Arts Wisconsin

A reader settles in with a book at Woodland Pattern Book Center, 720 E. Locust St., Milwaukee.

Some want to grow Wisconsin’s economy by attracting companies that manufacture LCD panels or mine for frac sand, but a new report emphasizes the economic boost that comes from growing the “creative sector.”

Arts Wisconsin — in partnership with the League of Wisconsin Municipalities — released the report “21st Century Wisconsin,” which documents the importance of the state’s creative sector. The 23-page report contains these numbers:

  • $5.3 billion — that’s the annual compensation for people working in the creative sector.
  • $9.1 billion — that’s the value added to the state’s economy by the arts.
  • 91,789 — that’s the number of people employed in the arts sector in the state.
  • 3 percent — that’s the arts-sector share of the state’s economy.

The creative sector, according to the report, provides more value than the transportation sector at $9 billion, agriculture and forestry at $5.5 billion, utilities at $5.2 billion, education services at $2.8 billion and mining at $1.3 billion.

In Milwaukee County, according to the report, there are 1,572 arts-related businesses that employ 12,725 people.

The creative sector account for 4.3 percent of the total number of businesses in the county and about 2.4 percent of the people they employ.

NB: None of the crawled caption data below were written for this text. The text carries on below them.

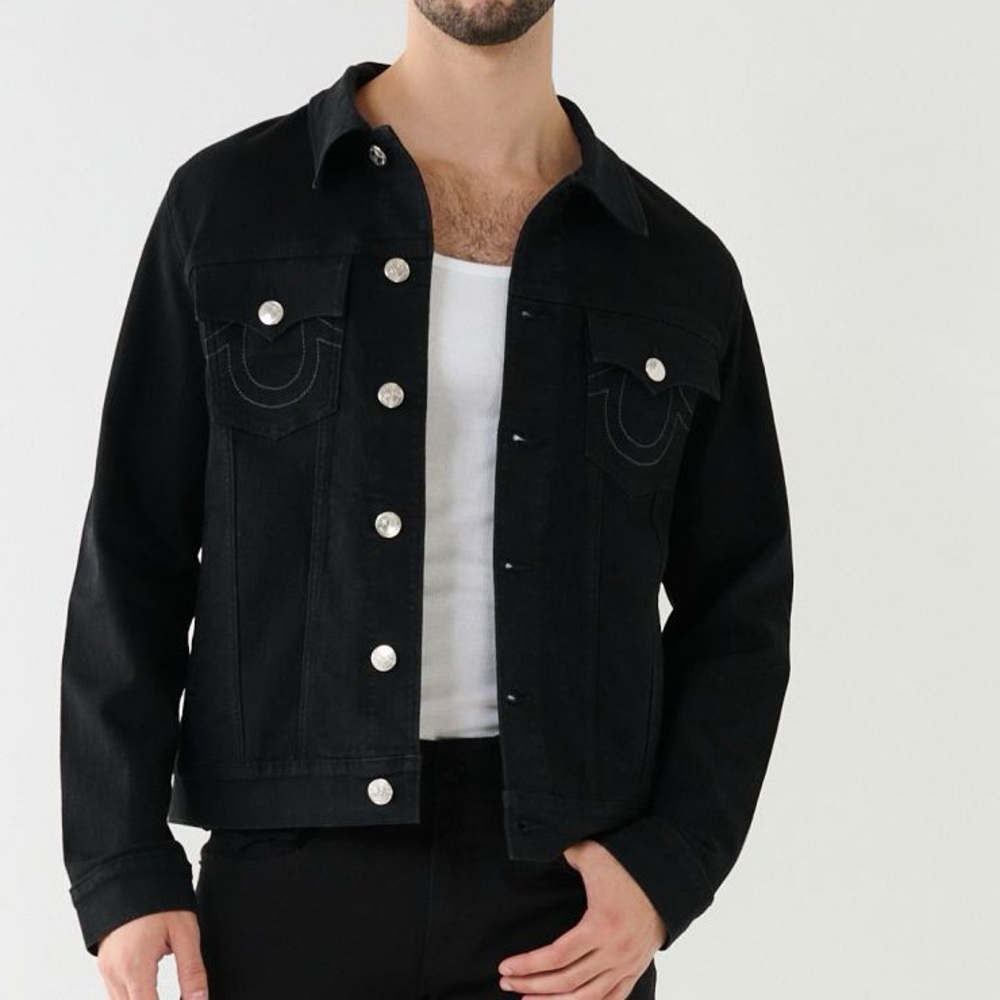 True Religion Stretch Garment Washed LS Denim Trucker Jacket - Black Rinse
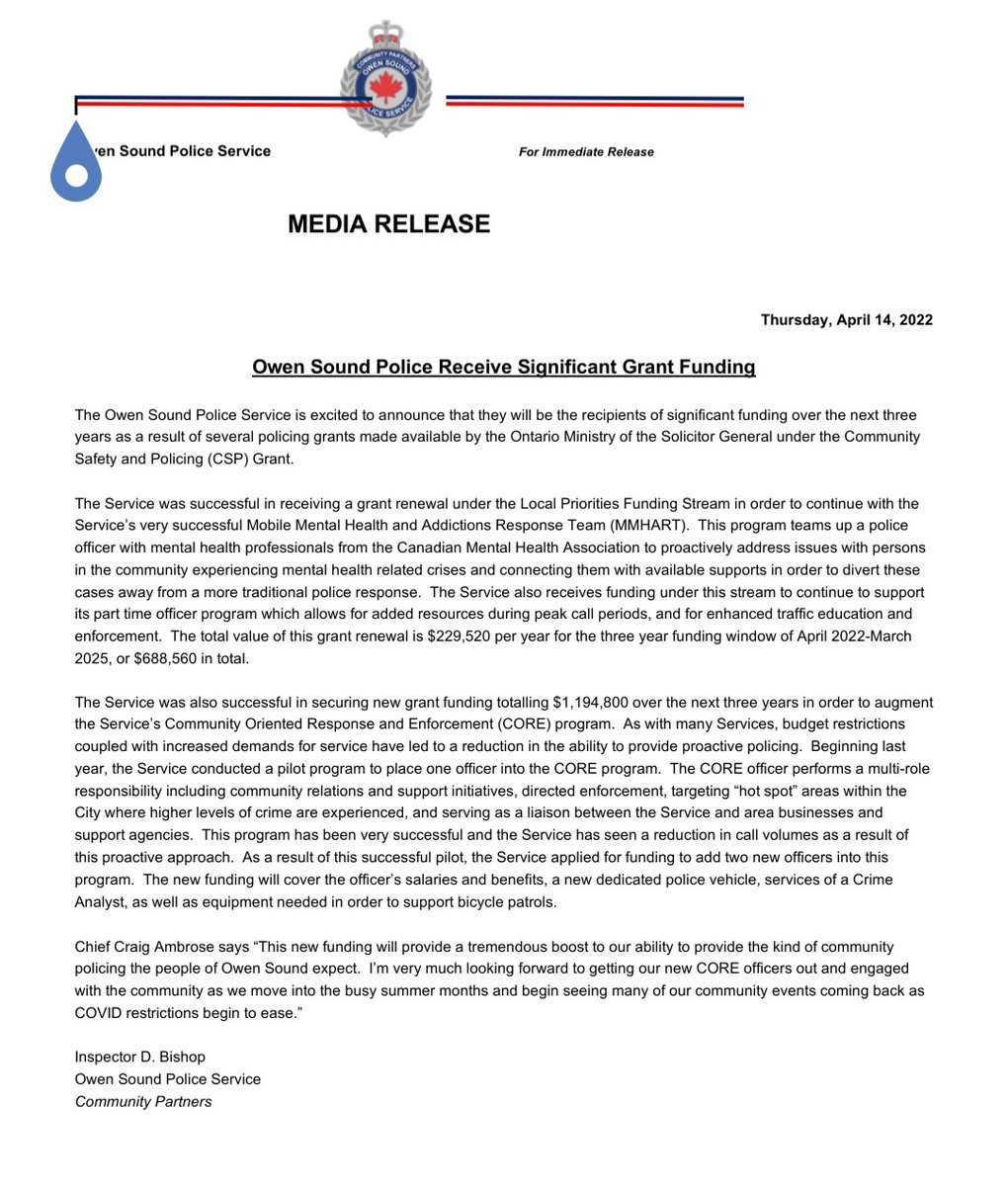 #MediaRelease Owen Sound Police Receive Significant Grant Funding.  Funding will support the Mobile Mental Health &amp; Addictions Team &amp; Community policing initiatives.  <a href="/NewsBayshore/">Bayshore News</a> @BounceRadio923 <a href="/OwenSoundST/">Owen Sound Sun Times</a> <a href="/OwenSoundHub/">Owen Sound Hub</a> <a href="/ChiefAmbroseOSP/">ChiefAmbroseOSPS</a> <a href="/JFluneyOSPS/">InspectorFluney OSPS</a> @Insp_DBishop <a href="/OSPApres/">James Boyle</a>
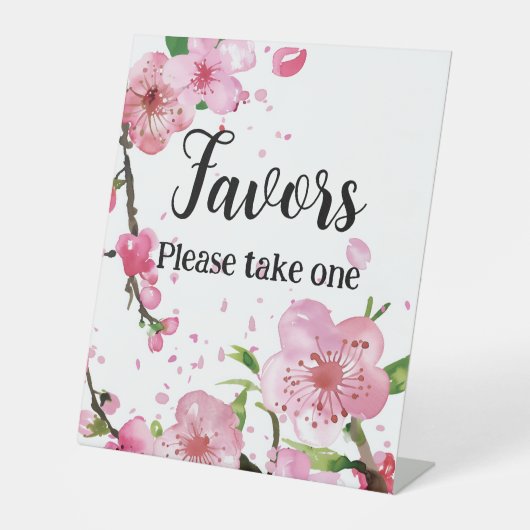 Pink Cherry Blossom Frühlingsblümchen Nimm eine Sockelschild (Vorderseite)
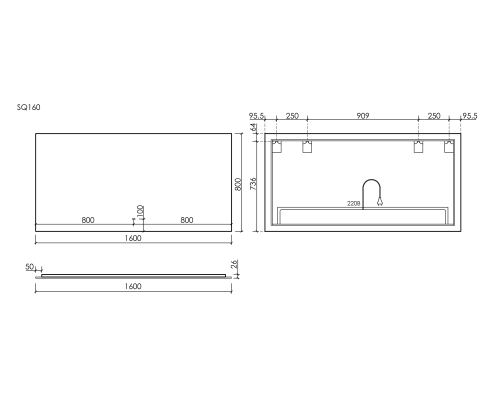 Зеркало для ванной комнаты Sancos SQUARE 160х80 с подсветкой, SQ1600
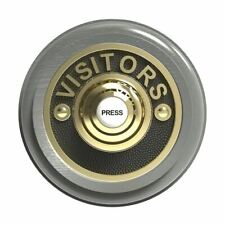 Traditional Round Wired Doorbell VISITORS in Grey Ash and Brass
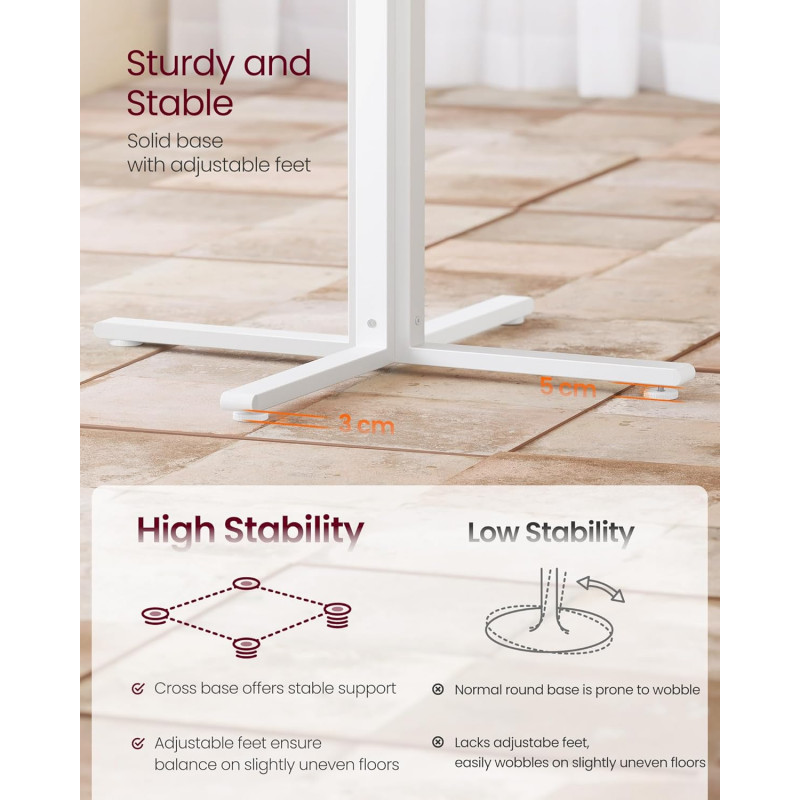 Rundt spisebord Ø 80 cm – hvit bordplate med stålben i moderne landlig stil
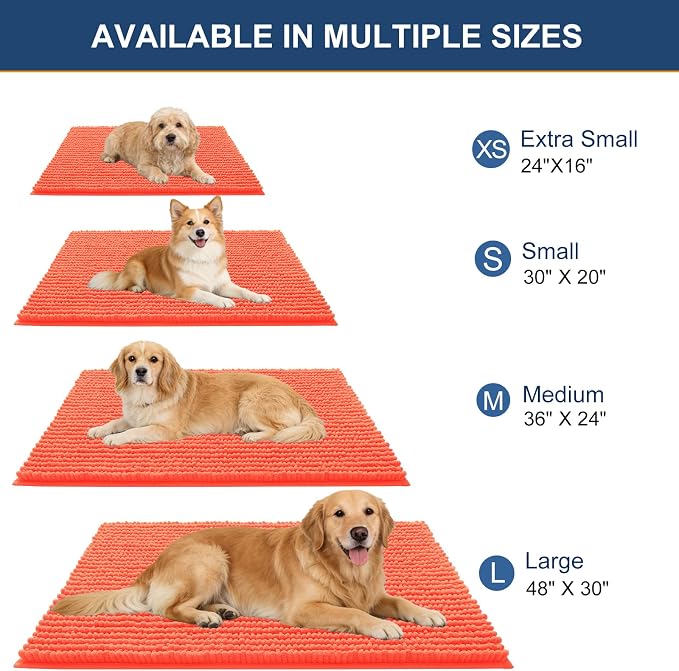 OLANLY Dog Door Mat for Muddy Paws 47x20, Ultra Absorbent Chenille Mud Doormat - Image 2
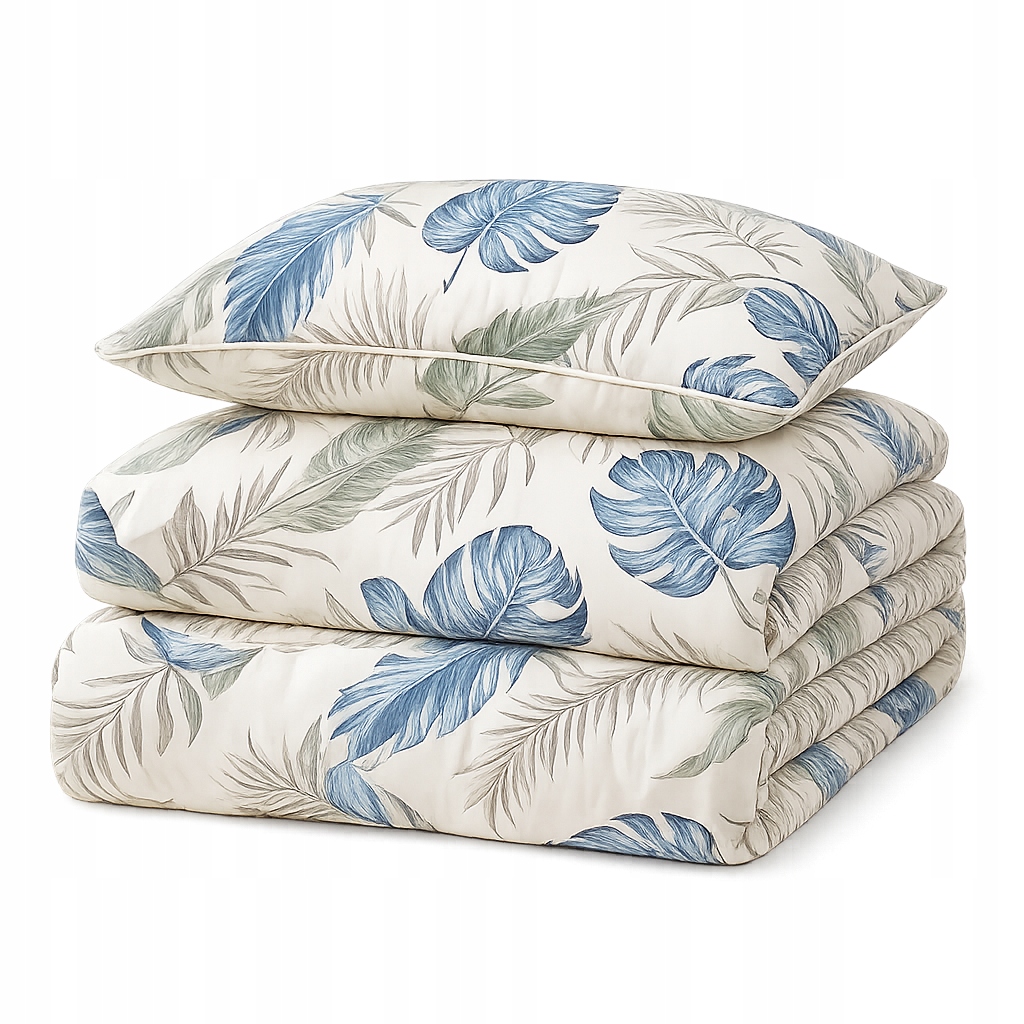 Pościel bawełniana 200x220 naturalna bawełna kremowa w liście monstery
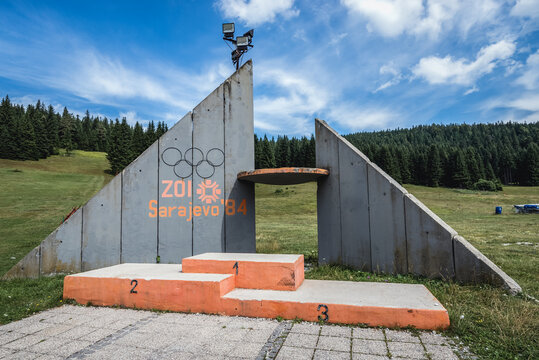 Ilidza, Bosnia - August 24, 2015: Podium next to Abandoned Olympic Jumps on Igman mount in Ilidza built for 1984 Winter Olympic Games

Dane County, meanwhile, is home to 1,363 arts-related businesses that employ 6,542 people.

Arts Wisconsin executive director Anne Katz says the report “provides a snapshot and shines a spotlight on our state’s abundant creative resources” and “combines this information with a call to action: the critical need for investment in the arts, culture and creativity as an investment in Wisconsin’s future.”

 

Call to action

The report’s recommendations include:

  • Inventory and map local creative assets to plan economic growth.
  • Collect and categorize data and research as an investment in creative economy development policy and programming.
  • Prioritize access to the arts for all. There must be a diversity of arts opportunities in the community so everyone can participate in some way, not just those who can afford the price of a ticket.
  • Integrate arts into education for all students in the public schools. Wisconsin’s 21st-century education must be not just STEM, but STEAM — Science, Technology, Engineering, Arts and Math.
  • Integrate the arts and creativity into every project, program, organization and effort happening locally and beyond. The arts are not separate from everything else going on in a community.
  • Develop opportunities for creative and cultural entrepreneurs in venture capital, business administration, social networking and marketing activities.
  • Recognize the vital connections between the informal and formal sectors of the creative economy.
  • Support investment in civic infrastructure, such as arts centers, museums and libraries.
  • Focus on building and sustaining a creative place through a quality of life for all that includes a vibrant street life, arts, food, libraries, parks and other public spaces, local radio stations, museums and bikeways.